These entities serve to complete the architecture and reflect the industry development. No associated protocols have been defined by ITU-T.

As you may recall, the fundamental idea of IN is to open the basic switching process (run by switches) to external influence. This is done by defining and standardizing the call model.

Figure 2 depicts the CS-2 Basic Call State Model (BCSM), which is the latest released standard. BCSM models both the originating and terminating basic call processes, which are depicted in Figures 2 and 3, respectively. In both processes, the primary states of calls as seen by a switch, depicted within rectangles are termed points in call (PICs). In addition, certain transitions lead to other states called detection points (DPs). It is at DPs that the switch may interrupt its processing by sending a message to the SCF. Each DP may be either armed or unarmed. As far as IN is concerned, being armed is the first essential prerequisite for being active, for only when a DP is armed is the external service logic (within the SCF) informed that the DP has been encountered.

Figure 3: Originating CS-2 BCSM.
Source: ITU-T Recommendation Q.1224

A DP may be armed either statically (from the SMF, as the result of the service feature provisioning) or dynamically (by the SCF). If it is statically armed, the DP remains armed until the SMF disarms it—as long as the service that needs it is to be offered; if it is dynamically armed, the DP will remain armed for no longer than the duration of a particular SCF-to-SSF relationship. A statically armed DP is called a trigger detection point (TDP); a dynamically armed DP is called an event detection point (EDP). The DP nomenclature is illustrated in Figure 5.

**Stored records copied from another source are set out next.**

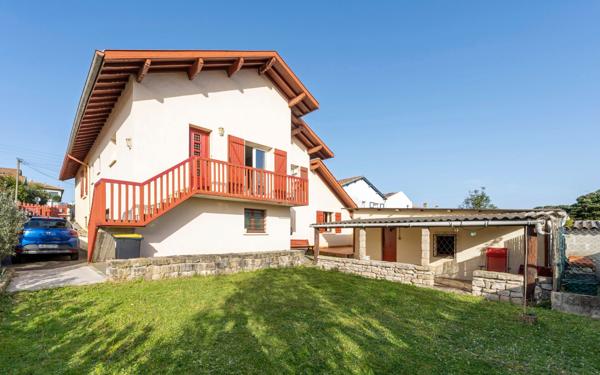 Maison à vendre    7 pièces • 167,14 m2 Anglet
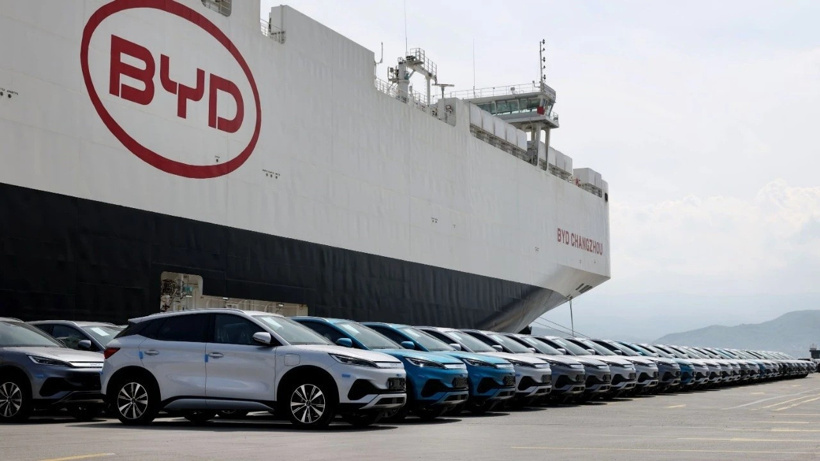 Türkiye'den çekilen BYD iki ülkede daha durma noktasına geldi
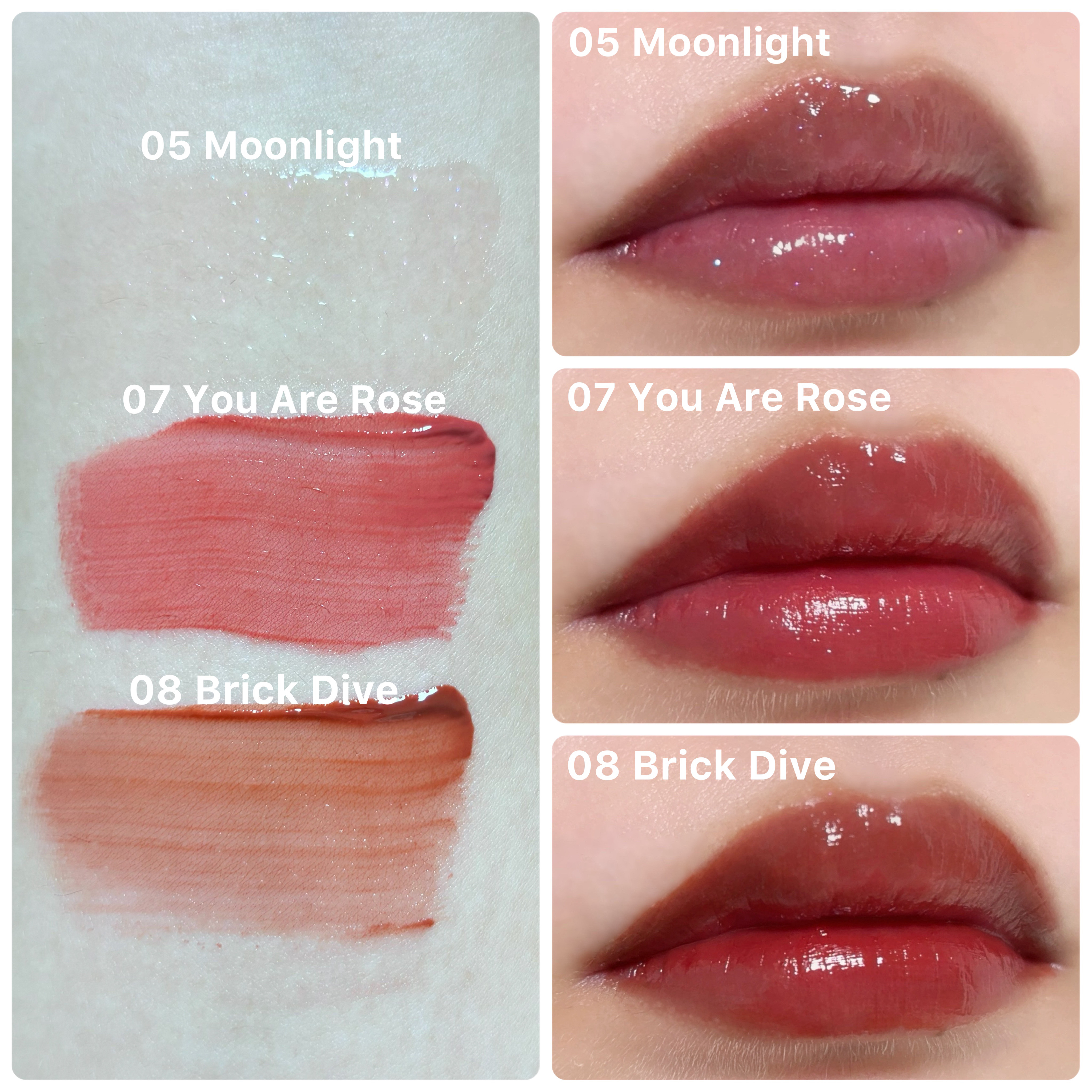 リップケア moon BLESSED MOONの口紅・グロス・リップライナー・リップケア フラッ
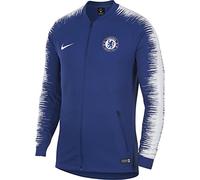 Nike CFC M NK ANTHM FB JKT Veste Homme rush blue/white/white FR : S (Taille Fabricant : S)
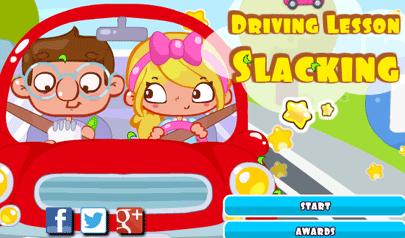 Gioca a Driving Lesson Slacking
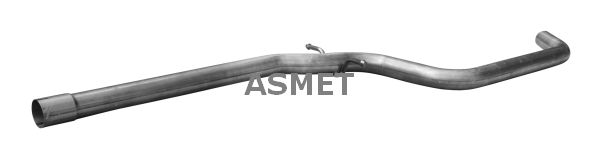 ASMET 03.129 Exhaust Pipe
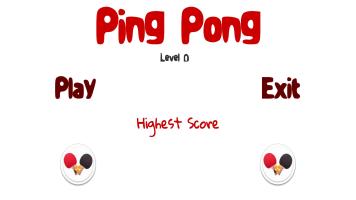 Captura de pantalla de Ping Pong APK #1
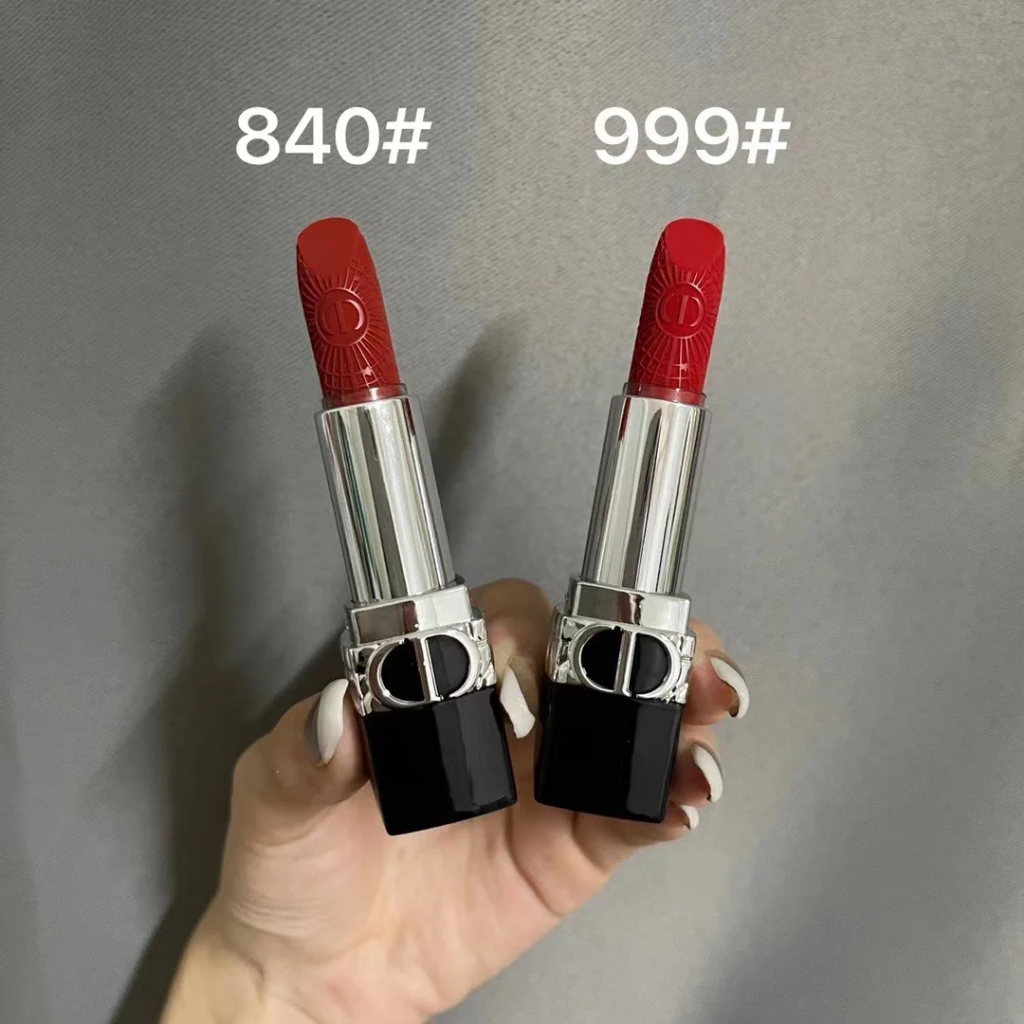 Dior Lipstik ROUGE DIOR -Christmas LIMITED EDITION- Refillable 1.5gr #999#840#720#228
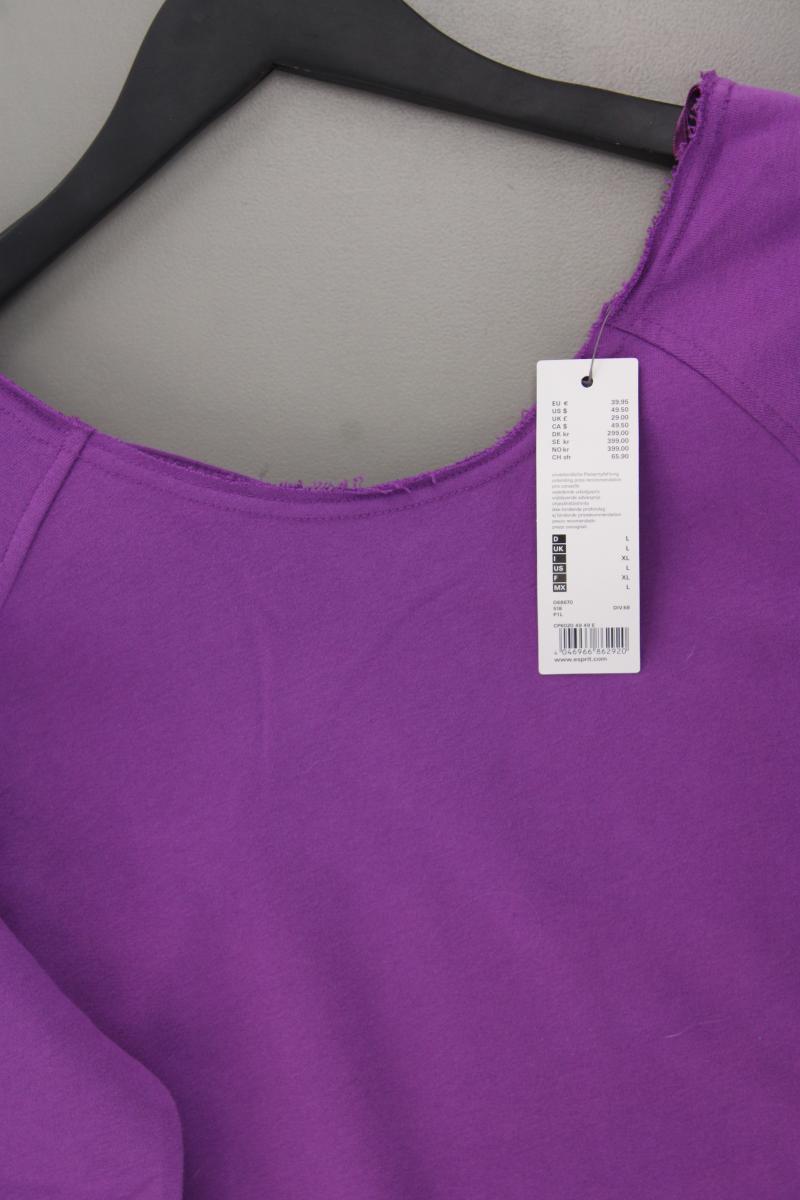 Esprit Classic Pullover Gr. L neu mit Etikett Neupreis: 39,95€! lila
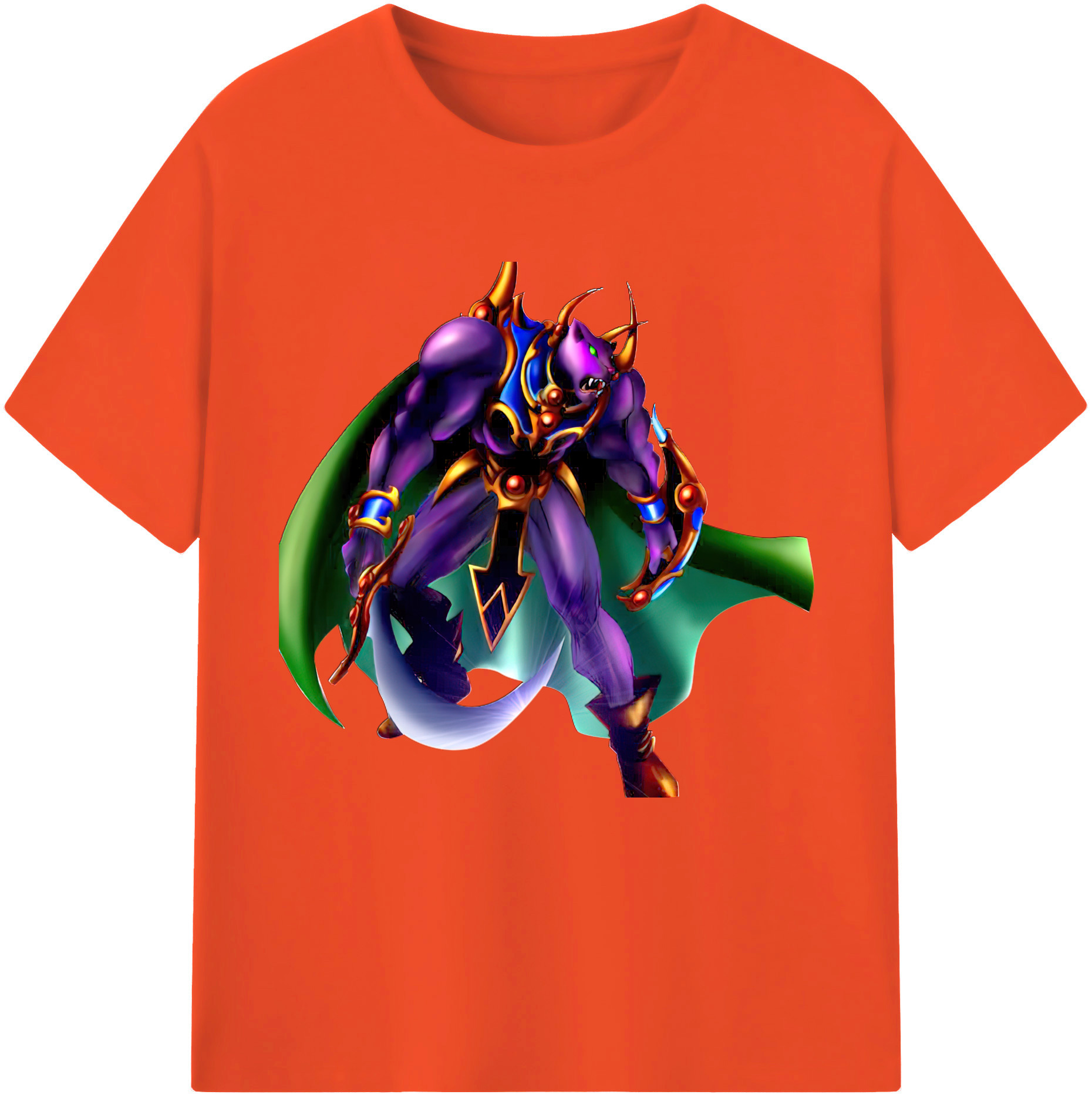 （画像用） 遊☆戯☆王 Yu-Gi-Oh! 綿100％半袖Tシャツ（フロントプリント）
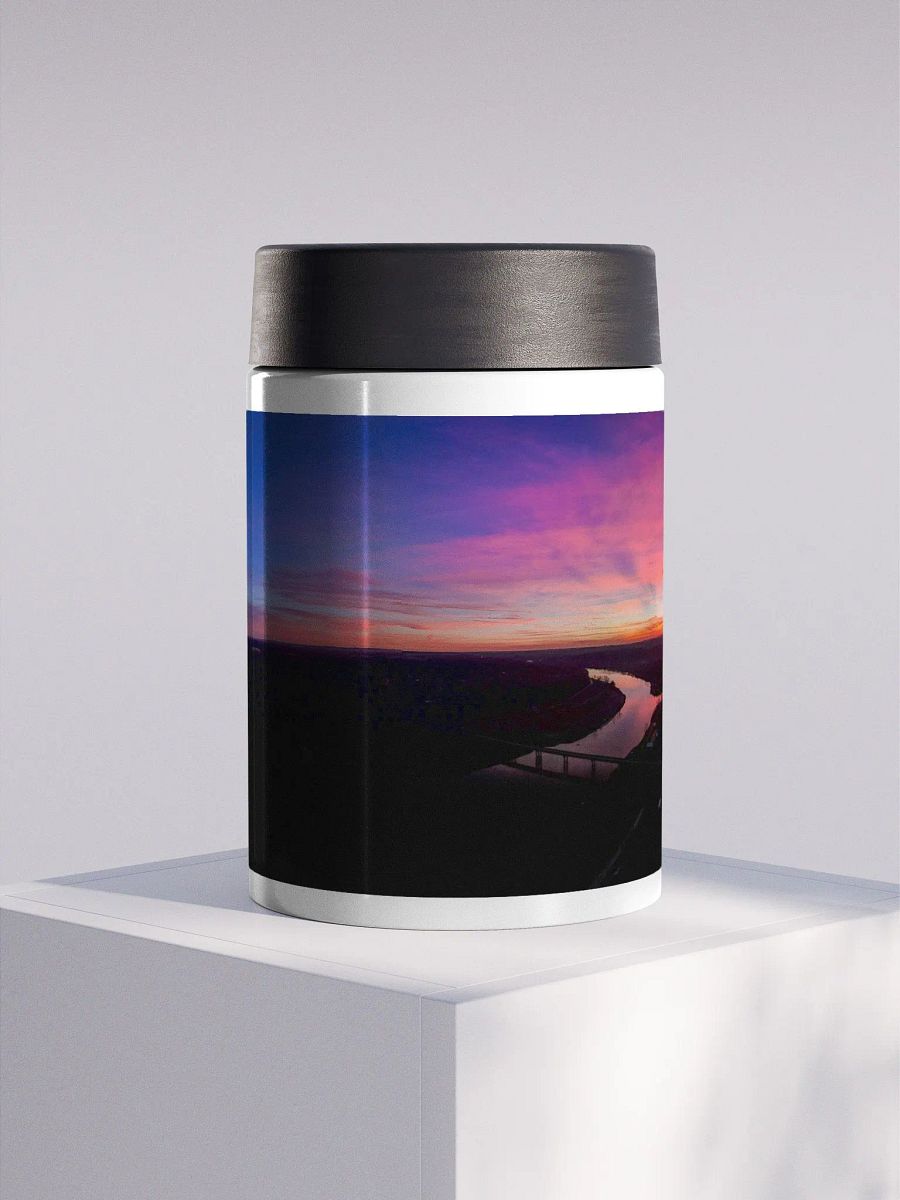 Sunset Over the Taney Como at Shadow Rock - Our Very Cool, Stainless Steel Can Coolee! product image (1)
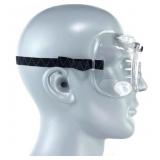 MSRP $300 1 Case (20 Goggles) High Quality Ultimate Industrial Inc Safety Goggles SG-204 Anti Fog Protective Scratch Resistant UV Ventilated Clear Goggles Fits Over Glasses Adjustable Bands For At Wor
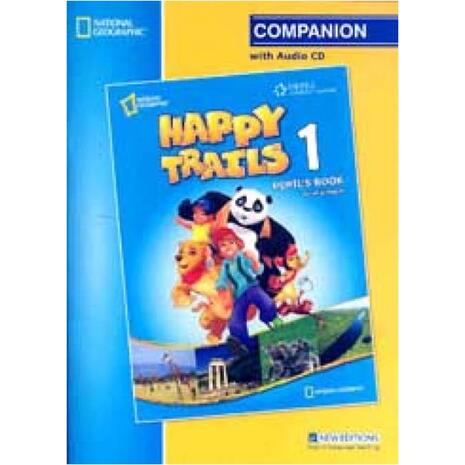 Happy Trails 1 Companion +CD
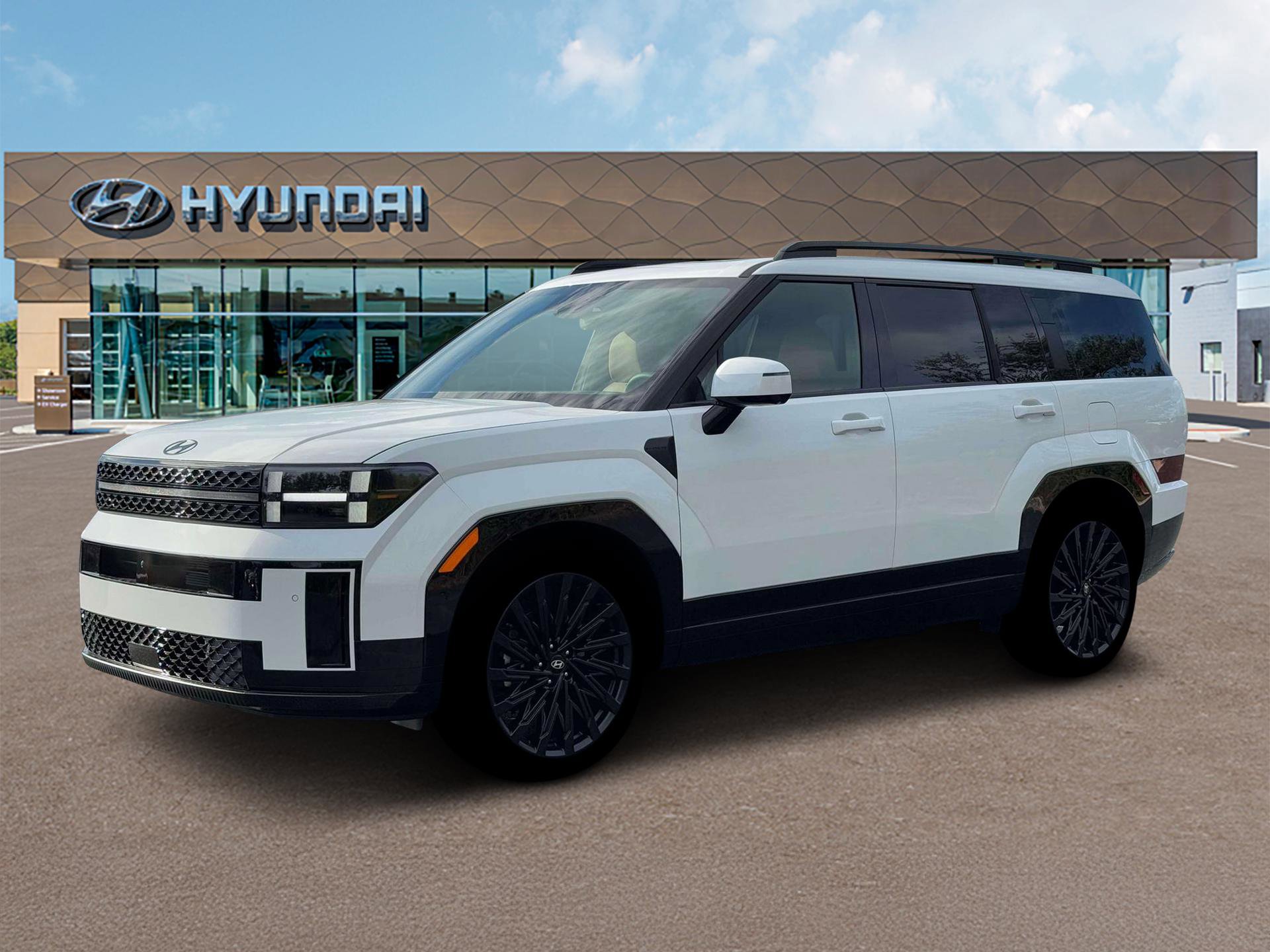 New 2026 Hyundai Santa Fe Calligraphy image 2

Figure 4: Terminating CS-2 BCSM.
Source: ITU-T Recommendation Q.1224

Figure 5: Detection point processing.
Source: ITU-T Recommendation Q.1214

The DP nomenclature is essential for understanding how IN can interacts with the IP networks. When a service originates from the Internet, the DPs in the PSTN may be armed only dynamically. When, on the other hand, a service originates from the PSTN, all DPs that can invoke it must be armed beforehand (but other DPs can be armed dynamically in the process of service delivery). These cases are respectively addressed by the IETF PSTN/ Internet INTernetworking (pint) working group ( pint-charter.html ) and the Service in the PSTN/IN Requesting Internet Service (spirits) working group ( ) in cooperation with ITU-T SG 11.

Figure 5 depicts the distribution of the IN functional entities among the subset of physical entities in CS-1. (For purposes of our discussion, we have reduced this subset to the bare minimum.) The physical entities are:

  • Service switching point (SSP). A switch that provides access to IN capabilities.
  • Service control point (SCP). A general-purpose computer that has access to the SS No. 7 network for communicating with SSPs and IPs.
  • Service data point (SDP). Contains only the SDF. The SCP can access data in an SDP either directly or through a signaling network.
  • Intelligent peripheral (IP). Its function is primarily to support the SRF. However, it may also include the SSF/CCF to provide external access to resources.
  • Adjunct (AD). Functionally equivalent to an SCP, but connected to a single switch via a high-speed network, not the SS No. 7 network.
  • Service node (SN). Similar to an AD, but in addition to performing a role of an SCP, it can perform the role of an IP. The SN connects to switches via the ISDN interface. (As you will see in Part Three, present implementations often include the SCP and small SSP as part of SN offers; however, those SCPs and SSPs act independently rather than as part of the group of standard SN functions.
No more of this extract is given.